President Grant's Speeding Ticket - Weekly column 4.2.2023

 

Lawrence Hall, HSG

Mhall46184@aol.com

 

But First There was President Grant’s Speeding Ticket

 

I’ve never been arrested, but, hey, I’m still young; there’s a chance.  Some of the nicest people I know have spent the occasional weekend at the county sheriff’s resort and spa, some opting for longer stays, so I wonder if I’ve been missing something.

 

If someday I receive a stainless steel invitation to jail I can’t imagine that a private jet and a motorcade will be part of the intake process, or that extra police and the Secret Service will escort me, or that barriers and blocked-off streets will ease my way inside to the receptionist, concierge, complimentary cocktails, a fingerprint manicure, souvenir photographs, and all the other amenities I’ve been reading about with regard to the anticipated indictment of a former president this week.

 

I don’t recall any stories about law officers or attorneys general sending courtesy notes to wanted men to turn themselves in, pretty please, but then I am behind the times in so many ways.
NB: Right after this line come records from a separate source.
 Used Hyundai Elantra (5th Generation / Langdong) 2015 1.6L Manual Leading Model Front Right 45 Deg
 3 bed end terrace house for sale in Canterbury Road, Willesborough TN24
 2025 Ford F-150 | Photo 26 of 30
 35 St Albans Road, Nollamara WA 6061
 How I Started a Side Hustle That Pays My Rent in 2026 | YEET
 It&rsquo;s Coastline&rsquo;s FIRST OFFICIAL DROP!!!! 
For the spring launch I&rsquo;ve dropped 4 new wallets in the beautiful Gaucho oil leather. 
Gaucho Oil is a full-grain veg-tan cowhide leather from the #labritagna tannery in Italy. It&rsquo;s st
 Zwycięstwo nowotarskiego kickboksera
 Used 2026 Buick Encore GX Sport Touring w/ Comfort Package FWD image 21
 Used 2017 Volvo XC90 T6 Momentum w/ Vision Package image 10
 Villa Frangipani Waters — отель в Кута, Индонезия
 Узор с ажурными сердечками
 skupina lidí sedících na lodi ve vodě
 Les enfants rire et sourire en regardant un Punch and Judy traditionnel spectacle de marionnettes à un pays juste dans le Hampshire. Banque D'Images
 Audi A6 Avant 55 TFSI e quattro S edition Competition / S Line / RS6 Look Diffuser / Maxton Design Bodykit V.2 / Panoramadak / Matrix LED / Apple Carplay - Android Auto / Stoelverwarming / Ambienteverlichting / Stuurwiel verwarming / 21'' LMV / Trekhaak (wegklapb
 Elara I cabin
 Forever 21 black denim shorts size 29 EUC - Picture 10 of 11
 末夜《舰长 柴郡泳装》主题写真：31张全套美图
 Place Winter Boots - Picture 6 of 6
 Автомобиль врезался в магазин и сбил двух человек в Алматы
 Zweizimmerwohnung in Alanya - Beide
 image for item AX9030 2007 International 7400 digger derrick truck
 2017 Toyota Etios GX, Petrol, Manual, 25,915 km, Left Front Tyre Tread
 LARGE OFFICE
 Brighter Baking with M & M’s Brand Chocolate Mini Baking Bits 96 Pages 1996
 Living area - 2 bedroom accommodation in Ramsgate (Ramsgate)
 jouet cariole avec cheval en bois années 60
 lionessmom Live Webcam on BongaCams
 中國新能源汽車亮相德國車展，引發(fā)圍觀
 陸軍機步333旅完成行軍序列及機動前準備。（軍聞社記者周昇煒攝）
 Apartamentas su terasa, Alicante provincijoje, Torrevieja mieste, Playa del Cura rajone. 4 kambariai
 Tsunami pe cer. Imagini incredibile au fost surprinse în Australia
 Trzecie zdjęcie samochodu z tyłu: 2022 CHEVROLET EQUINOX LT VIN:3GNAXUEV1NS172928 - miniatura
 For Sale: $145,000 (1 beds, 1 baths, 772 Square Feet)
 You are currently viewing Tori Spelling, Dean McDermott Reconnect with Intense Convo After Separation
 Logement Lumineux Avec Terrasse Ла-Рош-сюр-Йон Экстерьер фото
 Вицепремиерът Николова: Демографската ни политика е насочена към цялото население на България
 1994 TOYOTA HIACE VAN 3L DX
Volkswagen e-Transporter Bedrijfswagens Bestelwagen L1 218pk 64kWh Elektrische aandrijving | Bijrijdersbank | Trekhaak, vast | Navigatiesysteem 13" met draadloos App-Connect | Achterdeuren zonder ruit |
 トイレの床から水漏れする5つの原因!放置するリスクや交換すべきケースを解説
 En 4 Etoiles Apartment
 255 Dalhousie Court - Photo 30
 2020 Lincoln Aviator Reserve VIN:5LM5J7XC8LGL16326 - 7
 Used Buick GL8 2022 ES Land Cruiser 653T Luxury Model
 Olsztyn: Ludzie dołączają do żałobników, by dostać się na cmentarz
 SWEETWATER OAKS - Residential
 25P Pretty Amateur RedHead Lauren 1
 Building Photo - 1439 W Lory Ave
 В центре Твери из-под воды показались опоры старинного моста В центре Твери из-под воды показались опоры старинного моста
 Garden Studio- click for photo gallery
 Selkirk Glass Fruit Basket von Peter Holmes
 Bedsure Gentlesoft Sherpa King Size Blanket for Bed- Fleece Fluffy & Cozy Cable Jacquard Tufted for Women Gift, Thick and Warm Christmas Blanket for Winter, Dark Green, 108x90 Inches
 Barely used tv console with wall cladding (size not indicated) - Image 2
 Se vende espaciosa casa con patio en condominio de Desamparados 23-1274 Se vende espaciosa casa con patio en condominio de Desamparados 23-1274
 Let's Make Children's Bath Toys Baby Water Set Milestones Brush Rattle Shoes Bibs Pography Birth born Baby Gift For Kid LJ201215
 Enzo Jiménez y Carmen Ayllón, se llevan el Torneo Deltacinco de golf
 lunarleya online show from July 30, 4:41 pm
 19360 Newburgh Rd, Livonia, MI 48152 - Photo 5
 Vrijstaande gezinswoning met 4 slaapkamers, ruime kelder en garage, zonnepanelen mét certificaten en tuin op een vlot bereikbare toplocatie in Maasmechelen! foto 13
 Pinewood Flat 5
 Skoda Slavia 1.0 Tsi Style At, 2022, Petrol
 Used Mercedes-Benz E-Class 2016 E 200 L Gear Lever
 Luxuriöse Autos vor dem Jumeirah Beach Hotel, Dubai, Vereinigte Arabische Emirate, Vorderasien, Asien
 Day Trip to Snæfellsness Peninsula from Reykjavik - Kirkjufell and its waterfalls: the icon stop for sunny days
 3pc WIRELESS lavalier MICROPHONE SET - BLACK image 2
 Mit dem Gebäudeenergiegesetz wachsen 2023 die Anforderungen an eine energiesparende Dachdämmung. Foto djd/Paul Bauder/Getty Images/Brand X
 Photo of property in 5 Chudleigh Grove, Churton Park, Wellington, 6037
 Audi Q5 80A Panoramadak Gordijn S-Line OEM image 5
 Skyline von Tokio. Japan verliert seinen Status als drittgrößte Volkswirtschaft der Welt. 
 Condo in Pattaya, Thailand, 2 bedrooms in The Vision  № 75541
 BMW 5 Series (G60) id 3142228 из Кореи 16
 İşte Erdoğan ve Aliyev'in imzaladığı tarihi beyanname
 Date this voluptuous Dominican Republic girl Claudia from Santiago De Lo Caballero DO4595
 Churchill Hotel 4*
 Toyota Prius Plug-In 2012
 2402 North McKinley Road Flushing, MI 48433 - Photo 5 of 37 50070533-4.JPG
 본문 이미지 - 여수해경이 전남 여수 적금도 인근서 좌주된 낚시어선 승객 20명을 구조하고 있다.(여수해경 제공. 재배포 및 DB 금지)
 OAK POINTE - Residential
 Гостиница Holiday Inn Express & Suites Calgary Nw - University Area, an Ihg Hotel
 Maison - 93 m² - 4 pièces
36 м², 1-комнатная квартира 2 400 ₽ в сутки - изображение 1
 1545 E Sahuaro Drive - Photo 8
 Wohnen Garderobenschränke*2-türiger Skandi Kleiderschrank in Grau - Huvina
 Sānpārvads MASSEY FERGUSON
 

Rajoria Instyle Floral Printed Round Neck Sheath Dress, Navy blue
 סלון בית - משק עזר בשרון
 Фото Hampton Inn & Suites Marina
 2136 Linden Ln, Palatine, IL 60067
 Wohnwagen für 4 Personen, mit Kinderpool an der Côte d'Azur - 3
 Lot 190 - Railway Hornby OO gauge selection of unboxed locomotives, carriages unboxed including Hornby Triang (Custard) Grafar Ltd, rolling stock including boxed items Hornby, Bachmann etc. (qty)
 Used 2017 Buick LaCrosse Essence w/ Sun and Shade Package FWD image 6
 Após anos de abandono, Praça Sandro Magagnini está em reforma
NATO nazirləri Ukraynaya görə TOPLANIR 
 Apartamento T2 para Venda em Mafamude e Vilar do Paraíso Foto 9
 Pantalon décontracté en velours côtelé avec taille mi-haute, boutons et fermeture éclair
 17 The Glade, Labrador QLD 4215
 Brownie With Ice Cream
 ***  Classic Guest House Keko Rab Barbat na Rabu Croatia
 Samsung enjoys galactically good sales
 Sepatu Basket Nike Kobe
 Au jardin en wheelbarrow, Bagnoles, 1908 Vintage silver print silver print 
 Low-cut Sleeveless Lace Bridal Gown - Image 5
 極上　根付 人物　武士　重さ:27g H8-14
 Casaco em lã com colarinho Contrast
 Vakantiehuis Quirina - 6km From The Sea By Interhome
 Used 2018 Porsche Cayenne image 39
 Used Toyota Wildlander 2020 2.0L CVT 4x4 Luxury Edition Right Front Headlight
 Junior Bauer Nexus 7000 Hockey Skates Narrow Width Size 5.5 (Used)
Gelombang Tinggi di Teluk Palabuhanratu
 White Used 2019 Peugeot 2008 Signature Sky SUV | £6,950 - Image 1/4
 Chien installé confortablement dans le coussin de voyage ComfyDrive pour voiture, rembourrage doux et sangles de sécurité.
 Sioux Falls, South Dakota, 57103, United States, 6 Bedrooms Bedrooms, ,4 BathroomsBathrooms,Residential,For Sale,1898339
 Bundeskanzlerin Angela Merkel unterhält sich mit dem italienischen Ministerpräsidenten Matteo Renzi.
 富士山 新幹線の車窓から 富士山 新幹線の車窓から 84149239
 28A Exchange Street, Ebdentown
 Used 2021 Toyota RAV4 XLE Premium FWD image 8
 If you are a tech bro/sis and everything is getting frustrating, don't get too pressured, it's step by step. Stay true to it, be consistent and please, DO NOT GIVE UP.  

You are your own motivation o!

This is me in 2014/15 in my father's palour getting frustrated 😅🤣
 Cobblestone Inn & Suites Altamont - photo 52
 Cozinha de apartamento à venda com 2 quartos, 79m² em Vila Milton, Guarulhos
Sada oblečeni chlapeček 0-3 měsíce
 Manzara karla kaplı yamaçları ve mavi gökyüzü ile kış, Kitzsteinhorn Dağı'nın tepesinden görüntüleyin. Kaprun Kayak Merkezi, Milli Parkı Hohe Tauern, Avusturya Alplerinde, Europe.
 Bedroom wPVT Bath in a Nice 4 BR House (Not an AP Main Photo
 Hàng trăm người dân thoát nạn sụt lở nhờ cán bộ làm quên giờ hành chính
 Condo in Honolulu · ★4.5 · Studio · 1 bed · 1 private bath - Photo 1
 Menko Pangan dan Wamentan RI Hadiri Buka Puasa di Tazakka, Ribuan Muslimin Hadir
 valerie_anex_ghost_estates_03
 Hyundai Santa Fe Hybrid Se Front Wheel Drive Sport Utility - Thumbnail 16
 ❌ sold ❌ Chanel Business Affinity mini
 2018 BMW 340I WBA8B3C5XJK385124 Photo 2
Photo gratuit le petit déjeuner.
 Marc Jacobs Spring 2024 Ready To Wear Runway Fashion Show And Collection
Perhaps soon all arrests will be prefaced by formal courtesies:

 

 

5 April 2023

 

Dear Mr. Percival “Snake Eyes” Thorpe-Ponsonby,

 

You are cordially invited to a reception hosted by

The Sheriff and the District Attorney

At the County Courthouse on

 

17 April 2023

2:00 P.M.

 

Valet Parking

Dress: Afternoon Business Casual

 

RSVP

 

In 1872 William H. West, a D.C. city police officer, did not send then-President Ulysses Grant an invitation or a ticket-by-mail; he collared him in the streets of the Capitol for speeding in his one-horse buggy. Officer West, who was a Civil War veteran and black, is reported to have said to the President:

 

 

"I cautioned you yesterday, Mr. President, about fast driving, and you said, sir, that it would not occur again…I am very sorry, Mr. President, to have to do it, for you are the chief of the nation, and I am nothing but a policeman, but duty is duty, sir, and I will have to place you under arrest."

 

-Ulysses S. Grant Was Arrested 151 Years Before Trump's Indictment (businessinsider.com)

 

The President did not pull the vulgar “Don’t you know who I am!?” thing, paid his $20 fine, and was apparently a more careful driver thereafter.

 

And that, dear readers, is a wonderful remembrance of one of those moments when this nation got things just right.